## Task to carry out:
Among the lines below, count those containing the word "vente". Give the number only.

Entries supplied: Begin

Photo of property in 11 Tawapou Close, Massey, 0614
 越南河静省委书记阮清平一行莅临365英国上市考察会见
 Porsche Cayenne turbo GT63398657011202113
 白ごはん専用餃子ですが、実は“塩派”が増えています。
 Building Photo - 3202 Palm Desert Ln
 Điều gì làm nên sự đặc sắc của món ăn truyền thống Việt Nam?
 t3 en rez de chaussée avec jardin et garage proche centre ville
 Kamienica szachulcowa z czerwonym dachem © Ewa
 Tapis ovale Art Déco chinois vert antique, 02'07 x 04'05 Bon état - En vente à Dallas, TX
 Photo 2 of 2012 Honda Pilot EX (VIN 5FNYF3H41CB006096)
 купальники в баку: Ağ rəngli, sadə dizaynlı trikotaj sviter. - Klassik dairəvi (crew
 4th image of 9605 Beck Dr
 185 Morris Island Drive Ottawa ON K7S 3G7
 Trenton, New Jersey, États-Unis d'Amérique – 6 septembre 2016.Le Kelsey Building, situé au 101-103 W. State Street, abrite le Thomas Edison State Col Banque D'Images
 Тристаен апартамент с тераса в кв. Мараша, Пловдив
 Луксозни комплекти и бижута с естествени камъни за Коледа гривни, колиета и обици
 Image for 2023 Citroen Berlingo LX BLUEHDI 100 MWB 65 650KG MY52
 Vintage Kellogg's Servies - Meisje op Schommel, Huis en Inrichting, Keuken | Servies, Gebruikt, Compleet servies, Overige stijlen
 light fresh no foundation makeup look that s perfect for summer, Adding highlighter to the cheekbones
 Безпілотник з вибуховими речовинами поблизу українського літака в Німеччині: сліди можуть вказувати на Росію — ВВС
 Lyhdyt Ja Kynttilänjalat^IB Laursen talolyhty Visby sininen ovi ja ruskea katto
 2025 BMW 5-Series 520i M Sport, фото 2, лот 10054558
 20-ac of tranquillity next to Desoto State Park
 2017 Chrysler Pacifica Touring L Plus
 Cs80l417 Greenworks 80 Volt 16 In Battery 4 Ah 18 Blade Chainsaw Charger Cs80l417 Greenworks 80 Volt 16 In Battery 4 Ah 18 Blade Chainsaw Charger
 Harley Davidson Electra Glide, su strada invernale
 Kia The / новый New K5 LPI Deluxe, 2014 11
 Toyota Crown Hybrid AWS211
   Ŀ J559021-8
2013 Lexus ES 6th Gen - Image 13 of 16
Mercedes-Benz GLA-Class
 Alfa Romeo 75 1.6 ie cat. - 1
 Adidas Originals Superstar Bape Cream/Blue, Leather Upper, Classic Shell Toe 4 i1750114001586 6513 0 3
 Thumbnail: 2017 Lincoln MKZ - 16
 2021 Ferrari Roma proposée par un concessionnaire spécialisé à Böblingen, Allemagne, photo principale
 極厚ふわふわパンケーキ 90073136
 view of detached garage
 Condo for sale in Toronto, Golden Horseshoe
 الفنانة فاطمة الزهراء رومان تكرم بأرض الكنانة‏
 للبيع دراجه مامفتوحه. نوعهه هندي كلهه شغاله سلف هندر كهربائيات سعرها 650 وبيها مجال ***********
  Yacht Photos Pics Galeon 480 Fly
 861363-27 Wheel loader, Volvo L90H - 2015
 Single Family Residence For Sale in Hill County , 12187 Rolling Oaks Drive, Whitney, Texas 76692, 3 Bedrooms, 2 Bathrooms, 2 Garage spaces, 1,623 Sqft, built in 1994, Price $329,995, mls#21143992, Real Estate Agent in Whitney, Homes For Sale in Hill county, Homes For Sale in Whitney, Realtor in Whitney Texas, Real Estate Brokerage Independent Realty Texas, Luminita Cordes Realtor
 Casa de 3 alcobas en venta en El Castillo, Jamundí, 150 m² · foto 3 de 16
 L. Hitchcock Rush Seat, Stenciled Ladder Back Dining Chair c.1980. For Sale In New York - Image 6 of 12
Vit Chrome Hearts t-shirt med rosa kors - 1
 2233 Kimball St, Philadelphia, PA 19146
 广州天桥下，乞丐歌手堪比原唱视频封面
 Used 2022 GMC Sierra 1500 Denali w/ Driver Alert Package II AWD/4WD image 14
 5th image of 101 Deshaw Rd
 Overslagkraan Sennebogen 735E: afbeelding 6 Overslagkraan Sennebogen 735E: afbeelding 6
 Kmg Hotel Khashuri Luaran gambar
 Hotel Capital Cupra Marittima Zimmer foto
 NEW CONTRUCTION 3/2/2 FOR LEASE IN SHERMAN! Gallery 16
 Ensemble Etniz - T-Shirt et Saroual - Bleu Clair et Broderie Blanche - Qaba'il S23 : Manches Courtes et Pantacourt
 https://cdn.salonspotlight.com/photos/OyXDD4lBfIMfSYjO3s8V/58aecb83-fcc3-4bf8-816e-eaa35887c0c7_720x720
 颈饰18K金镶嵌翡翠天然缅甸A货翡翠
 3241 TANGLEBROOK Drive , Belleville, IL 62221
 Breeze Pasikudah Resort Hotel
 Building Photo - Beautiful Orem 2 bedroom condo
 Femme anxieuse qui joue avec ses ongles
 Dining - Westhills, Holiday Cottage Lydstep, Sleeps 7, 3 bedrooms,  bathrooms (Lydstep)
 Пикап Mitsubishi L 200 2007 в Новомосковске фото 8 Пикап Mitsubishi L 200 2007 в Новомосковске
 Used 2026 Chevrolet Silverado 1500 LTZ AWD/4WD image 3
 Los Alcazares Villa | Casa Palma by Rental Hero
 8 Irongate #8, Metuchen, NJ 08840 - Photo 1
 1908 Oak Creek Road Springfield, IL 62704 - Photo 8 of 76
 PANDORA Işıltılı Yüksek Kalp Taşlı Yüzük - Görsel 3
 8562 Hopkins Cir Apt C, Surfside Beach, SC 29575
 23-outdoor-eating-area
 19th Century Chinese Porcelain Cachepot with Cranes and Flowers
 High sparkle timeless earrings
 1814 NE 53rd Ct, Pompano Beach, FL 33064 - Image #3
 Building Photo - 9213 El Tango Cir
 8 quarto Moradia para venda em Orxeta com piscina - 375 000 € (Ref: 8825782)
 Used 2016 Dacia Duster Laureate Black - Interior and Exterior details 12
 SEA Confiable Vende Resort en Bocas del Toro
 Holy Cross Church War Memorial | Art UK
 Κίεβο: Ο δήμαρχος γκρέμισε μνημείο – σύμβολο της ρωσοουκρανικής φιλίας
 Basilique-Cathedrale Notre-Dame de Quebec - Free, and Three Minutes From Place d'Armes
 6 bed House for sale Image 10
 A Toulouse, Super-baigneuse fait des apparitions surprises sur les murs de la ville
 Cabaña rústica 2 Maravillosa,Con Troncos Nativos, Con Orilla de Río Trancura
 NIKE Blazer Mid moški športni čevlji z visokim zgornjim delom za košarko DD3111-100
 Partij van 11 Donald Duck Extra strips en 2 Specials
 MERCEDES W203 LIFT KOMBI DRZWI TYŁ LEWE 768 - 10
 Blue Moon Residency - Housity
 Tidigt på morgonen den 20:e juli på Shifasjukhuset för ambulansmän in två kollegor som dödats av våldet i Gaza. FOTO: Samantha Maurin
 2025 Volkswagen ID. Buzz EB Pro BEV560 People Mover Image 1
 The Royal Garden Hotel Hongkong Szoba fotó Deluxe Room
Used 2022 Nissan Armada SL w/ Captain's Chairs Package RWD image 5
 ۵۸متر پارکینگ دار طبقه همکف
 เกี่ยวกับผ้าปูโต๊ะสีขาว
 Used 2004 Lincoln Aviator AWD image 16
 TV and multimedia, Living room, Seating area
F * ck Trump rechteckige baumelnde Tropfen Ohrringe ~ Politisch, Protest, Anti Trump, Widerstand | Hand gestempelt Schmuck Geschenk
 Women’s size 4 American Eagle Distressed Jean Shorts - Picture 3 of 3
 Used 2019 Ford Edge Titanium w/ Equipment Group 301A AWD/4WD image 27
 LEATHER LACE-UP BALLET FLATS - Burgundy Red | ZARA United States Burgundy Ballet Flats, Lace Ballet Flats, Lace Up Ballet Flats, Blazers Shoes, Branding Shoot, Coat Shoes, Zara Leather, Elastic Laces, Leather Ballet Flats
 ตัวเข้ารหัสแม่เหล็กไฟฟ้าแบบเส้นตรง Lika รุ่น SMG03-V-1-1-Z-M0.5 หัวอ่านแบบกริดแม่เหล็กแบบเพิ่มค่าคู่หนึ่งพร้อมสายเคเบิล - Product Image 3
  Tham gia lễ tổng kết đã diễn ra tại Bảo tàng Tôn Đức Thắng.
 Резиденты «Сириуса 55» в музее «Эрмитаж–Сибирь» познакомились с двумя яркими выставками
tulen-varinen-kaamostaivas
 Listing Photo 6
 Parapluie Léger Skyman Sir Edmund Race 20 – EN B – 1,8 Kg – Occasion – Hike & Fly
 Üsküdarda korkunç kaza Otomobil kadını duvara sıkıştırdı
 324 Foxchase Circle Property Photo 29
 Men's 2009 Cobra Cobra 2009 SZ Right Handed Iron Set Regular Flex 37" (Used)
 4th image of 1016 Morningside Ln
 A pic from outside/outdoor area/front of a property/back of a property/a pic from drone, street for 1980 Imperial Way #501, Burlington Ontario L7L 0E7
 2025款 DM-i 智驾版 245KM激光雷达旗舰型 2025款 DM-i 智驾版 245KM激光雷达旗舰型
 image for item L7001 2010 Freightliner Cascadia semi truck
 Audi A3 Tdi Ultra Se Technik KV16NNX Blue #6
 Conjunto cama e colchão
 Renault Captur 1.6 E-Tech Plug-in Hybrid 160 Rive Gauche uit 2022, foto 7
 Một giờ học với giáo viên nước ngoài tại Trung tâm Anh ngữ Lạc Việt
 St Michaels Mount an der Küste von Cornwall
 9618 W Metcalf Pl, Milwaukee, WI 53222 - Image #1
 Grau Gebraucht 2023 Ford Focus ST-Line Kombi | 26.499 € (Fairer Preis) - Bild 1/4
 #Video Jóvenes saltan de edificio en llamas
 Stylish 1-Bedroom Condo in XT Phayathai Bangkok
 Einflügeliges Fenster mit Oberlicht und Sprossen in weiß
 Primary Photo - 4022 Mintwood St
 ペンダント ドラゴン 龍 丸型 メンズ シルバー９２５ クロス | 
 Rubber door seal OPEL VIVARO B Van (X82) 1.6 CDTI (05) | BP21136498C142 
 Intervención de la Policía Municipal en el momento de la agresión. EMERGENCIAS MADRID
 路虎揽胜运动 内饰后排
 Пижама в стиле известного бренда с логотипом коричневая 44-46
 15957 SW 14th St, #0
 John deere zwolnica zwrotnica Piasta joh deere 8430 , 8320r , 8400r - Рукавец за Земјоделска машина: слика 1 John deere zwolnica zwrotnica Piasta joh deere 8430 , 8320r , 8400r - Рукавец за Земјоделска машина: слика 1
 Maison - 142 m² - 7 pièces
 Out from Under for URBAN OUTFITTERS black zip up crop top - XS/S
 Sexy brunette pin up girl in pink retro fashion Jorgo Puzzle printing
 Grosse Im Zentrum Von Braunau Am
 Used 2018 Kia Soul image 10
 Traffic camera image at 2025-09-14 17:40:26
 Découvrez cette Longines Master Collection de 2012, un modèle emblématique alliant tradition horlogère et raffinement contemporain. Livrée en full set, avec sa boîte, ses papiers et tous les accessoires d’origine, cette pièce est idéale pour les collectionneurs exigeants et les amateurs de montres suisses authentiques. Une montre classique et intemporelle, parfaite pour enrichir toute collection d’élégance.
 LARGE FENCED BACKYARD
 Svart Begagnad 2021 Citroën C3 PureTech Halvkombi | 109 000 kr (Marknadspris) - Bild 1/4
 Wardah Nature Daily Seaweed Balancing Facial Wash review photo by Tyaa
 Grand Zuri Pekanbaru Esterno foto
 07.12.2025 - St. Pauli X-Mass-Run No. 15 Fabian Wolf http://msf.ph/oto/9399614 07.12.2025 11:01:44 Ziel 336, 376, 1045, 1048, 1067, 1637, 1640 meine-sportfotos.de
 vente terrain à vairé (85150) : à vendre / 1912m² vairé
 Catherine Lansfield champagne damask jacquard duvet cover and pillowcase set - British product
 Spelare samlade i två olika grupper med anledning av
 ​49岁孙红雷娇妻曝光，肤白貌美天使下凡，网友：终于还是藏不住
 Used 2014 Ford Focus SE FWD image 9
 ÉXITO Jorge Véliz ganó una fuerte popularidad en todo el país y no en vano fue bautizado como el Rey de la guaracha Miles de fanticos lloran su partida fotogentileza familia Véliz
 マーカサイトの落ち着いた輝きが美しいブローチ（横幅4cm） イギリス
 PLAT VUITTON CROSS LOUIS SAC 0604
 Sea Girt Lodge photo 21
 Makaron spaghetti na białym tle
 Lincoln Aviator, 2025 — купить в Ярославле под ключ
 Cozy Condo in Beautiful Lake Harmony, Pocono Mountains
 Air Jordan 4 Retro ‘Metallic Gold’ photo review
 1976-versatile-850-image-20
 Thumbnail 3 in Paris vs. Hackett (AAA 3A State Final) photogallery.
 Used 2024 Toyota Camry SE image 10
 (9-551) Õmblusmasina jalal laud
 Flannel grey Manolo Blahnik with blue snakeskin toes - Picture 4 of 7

Entries supplied: End

## Response to this task:
2